The number of South Koreans studying in China more than tripled to 62,855 last year from 18,267 in 2003, underlining a growing trend between the two Asian economies.
According to the South Korea’s Ministry of Education data, the current figure accounts for 26% of all South Koreans registered at foreign universities, closely following the US, which attracted 31%.
Although US remains the top choice for most South Korean students—US universities saw a 50% increase to 73,351 from 2003—Chinese education is appealing to undergraduates seeking to boost their prospective in an increasingly competitive employment market.
Korean employers are increasingly looking for graduates with experience in China, Asia’s largest economy and an important trading partner.
“It’s only the beginning in the shift in Korea’s appetite for education toward China from the US,” said Cho Jin Pyou, CEO of Seoul-based Wise Mentor, which provides education and career-path advice. “A flood of Korean students will follow companies going to China for jobs.”
A good grasp of the Chinese language, seen as advantage in South Korea’s job market, is also driving the influx of South Korean students.

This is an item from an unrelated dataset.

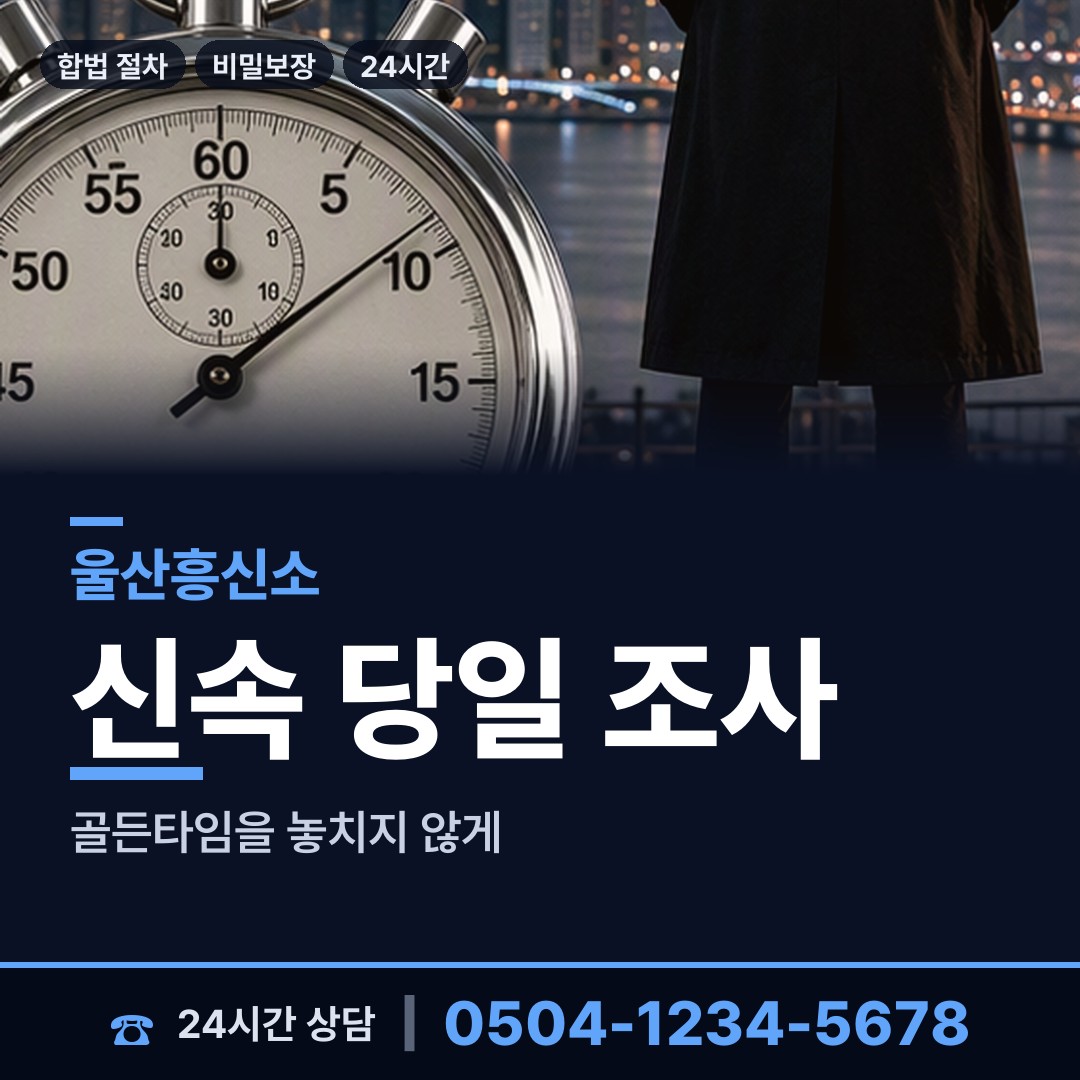 울산 청량읍 흥신소 상담 안내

This also mirrors the expanding ties between the two nations, Bloomberg said.
“English has become such a common product now here that it can no longer guarantee a decent job,” said Cho.
“Studying in China offers another language skill and human network, a qualification that sells well to companies expanding their Asia businesses.”
In addition, Chinese tuition fees are more affordable than any other foreign education. An undergraduate study in China costs $3,500 a year, according to China’s University and College Admissions System.